Perilaku Konsumen Buah
Engel et al
(1993), berpendapat bahwa perilaku konsumen didefinisikan sebagai tindakan yang
langsung terlibat dalam mendapatkan, mengkonsumsi, dan menghabiskan produk barang
atau jasa termasuk proses keputusan yang mendahului dan mengikuti tindakan
ini. Jadi perilaku konsumen pada hakekatnya adalah semua kegiatan,
tindakan serta proses psikologis yang mendorong tindakan tersebut pada saat
sebelum membeli, ketika membeli, menggunakan, menghabiskan produk
Faktor-faktor yang
mempengaruhi perilaku konsumen didalam membeli produk antara lain adalah
faktor budaya, sosial, pribadi (perbedaan individu), psikologis dan strategi
pemasaran (Kotler, 1993 dan Engel et al, 1995).
Metode Penelitian
Penelitian
ini merupakan studi perilaku konsumen buah-buahan kota
Surabaya serta sekaligus menganalisis daya saing buah (lokal terhadap impor)
atas dasar nilai sikap kepercayaan konsumen terhadap masing-masing buah
(apel; jeruk dan anggur). Sehingga lokasi penelitian ditentukan secara sengaja,
sebaran lokasi penelitian adalah lokasi tujuan pemasaran buah
dengan sasaran konsumen akhir, yaitu Kota Surabaya.
Jumlah responden
sebanyak 140 responden, ditentukan secara accidental yaitu mewawancarai
konsumen buah dengan kriteria : 1). Penggemar (senang) makan buah-buahan; 2).
Pembeli rutin buah minimal satu bulan sekali; 3). Mewakili keluarga dan 4).
Keluarga memiliki penghasilan.
Metode pengumpulan data yang
digunakan adalah metode survei dengan menggunakan instrumen penelitian:
Analisis Data
Tujuan
penelitian ini dianalisis dengan menggunakan Structural Equation Model (SEM) yang juga dinamakanModel Persamaan
Struktural (MPS)
dengan menggunakan piranti lunak (soft ware)
AMOS.
Hasil Penelitian
Hipotesis yang diajukan dalam penelitian
ini adalah bahwa variable-variabel 1). Budaya; 2). Lingkungan Sosial; 3).

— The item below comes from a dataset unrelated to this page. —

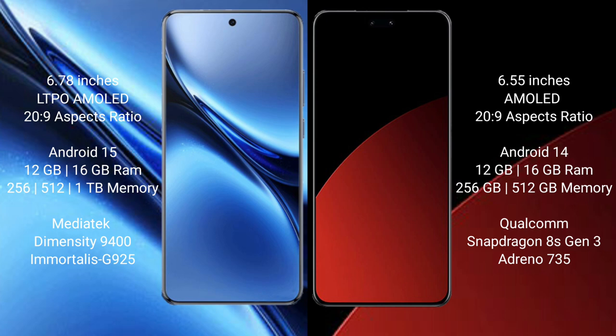Vivo X200 Pro runs on the Android 15 operating system. Samsung CV4 Pro also runs on the Android 15 operating system.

Individu; 4). Psikologis Konsumen dan 5). Strategi Pemasaran berpengaruh signifikan
positip terhadap perilaku sikap konsumen buah lokal maupun buah impor.
Pengujian hipotesis dilakukan
dengan membandingkan nilai probabiltas (p) dikatakan signifikan jika critical
ratio (CR) > 1,96 (Ferdinand, 2002).
Berdasarkan
hasil analisis dengan SEM yang sudah dimodifikasi indeks 39 kali diperoleh
nilai koefisien jalur dan critical ratio pada Tabel 24 berikut ini.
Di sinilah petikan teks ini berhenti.